▶ The task
Output the data below exactly as it is, dropping the pictures from your copy.

Short web captions
┌──
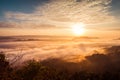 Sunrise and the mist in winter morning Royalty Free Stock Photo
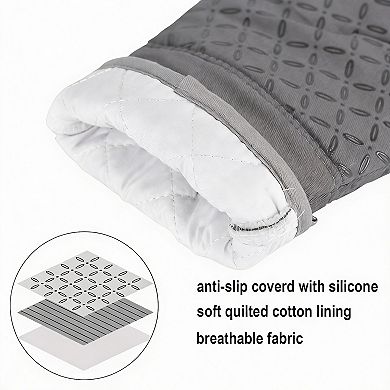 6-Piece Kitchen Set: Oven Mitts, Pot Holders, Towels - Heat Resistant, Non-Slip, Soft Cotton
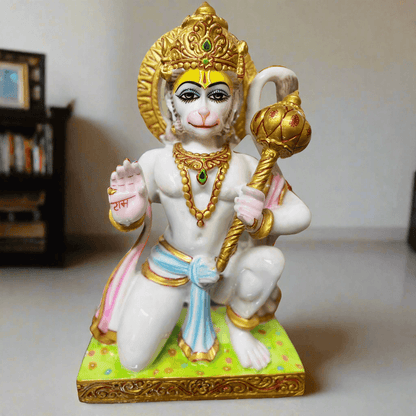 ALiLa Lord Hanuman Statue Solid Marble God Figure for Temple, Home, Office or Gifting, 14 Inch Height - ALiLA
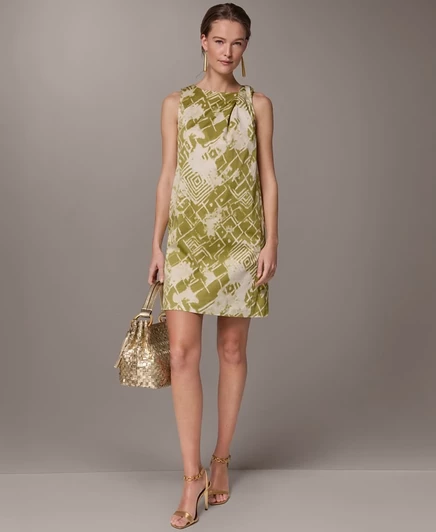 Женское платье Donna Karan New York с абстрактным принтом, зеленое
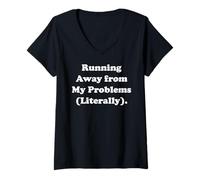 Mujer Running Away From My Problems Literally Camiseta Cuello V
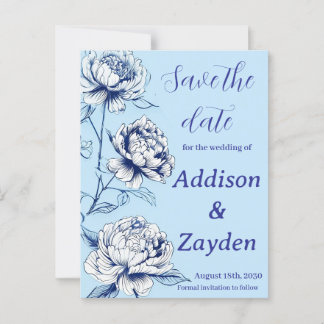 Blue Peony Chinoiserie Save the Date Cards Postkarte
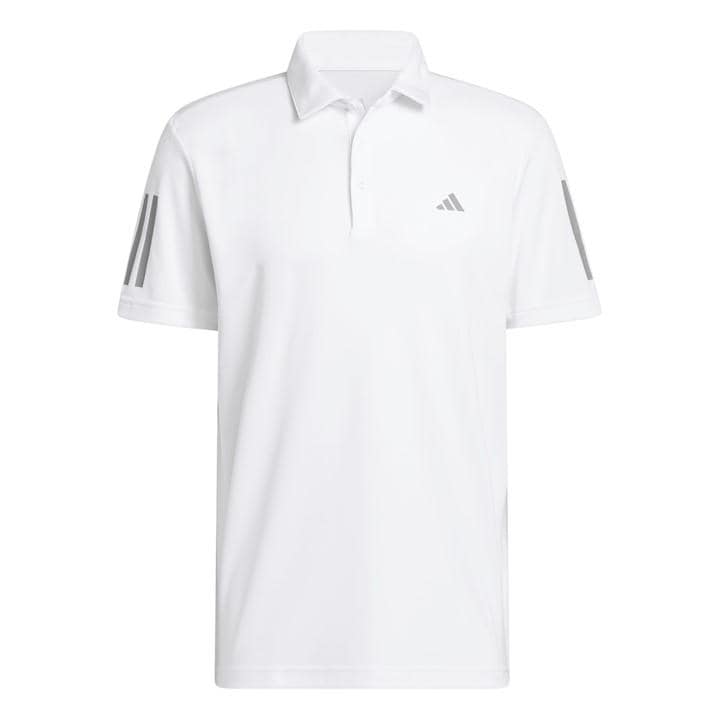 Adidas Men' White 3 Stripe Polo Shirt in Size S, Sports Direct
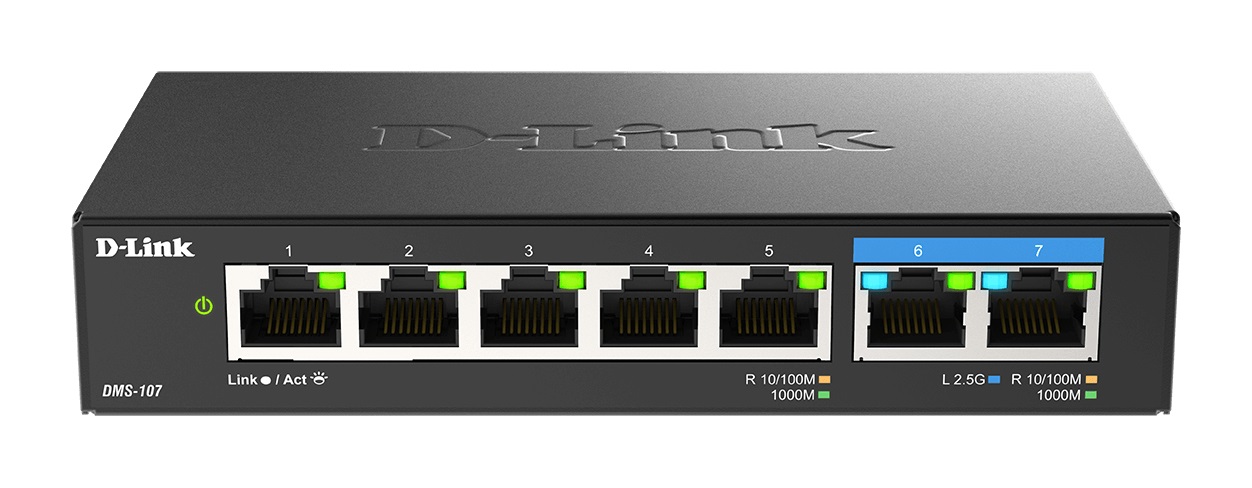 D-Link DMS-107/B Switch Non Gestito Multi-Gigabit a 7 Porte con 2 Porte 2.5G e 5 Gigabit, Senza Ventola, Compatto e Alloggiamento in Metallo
└──
▶ Reply
 Sunrise and the mist in winter morning Royalty Free Stock Photo
 6-Piece Kitchen Set: Oven Mitts, Pot Holders, Towels - Heat Resistant, Non-Slip, Soft Cotton
 ALiLa Lord Hanuman Statue Solid Marble God Figure for Temple, Home, Office or Gifting, 14 Inch Height - ALiLA
 Женское платье Donna Karan New York с абстрактным принтом, зеленое
 Mujer Running Away From My Problems Literally Camiseta Cuello V
 Blue Peony Chinoiserie Save the Date Cards Postkarte
 Adidas Men' White 3 Stripe Polo Shirt in Size S, Sports Direct
 D-Link DMS-107/B Switch Non Gestito Multi-Gigabit a 7 Porte con 2 Porte 2.5G e 5 Gigabit, Senza Ventola, Compatto e Alloggiamento in Metallo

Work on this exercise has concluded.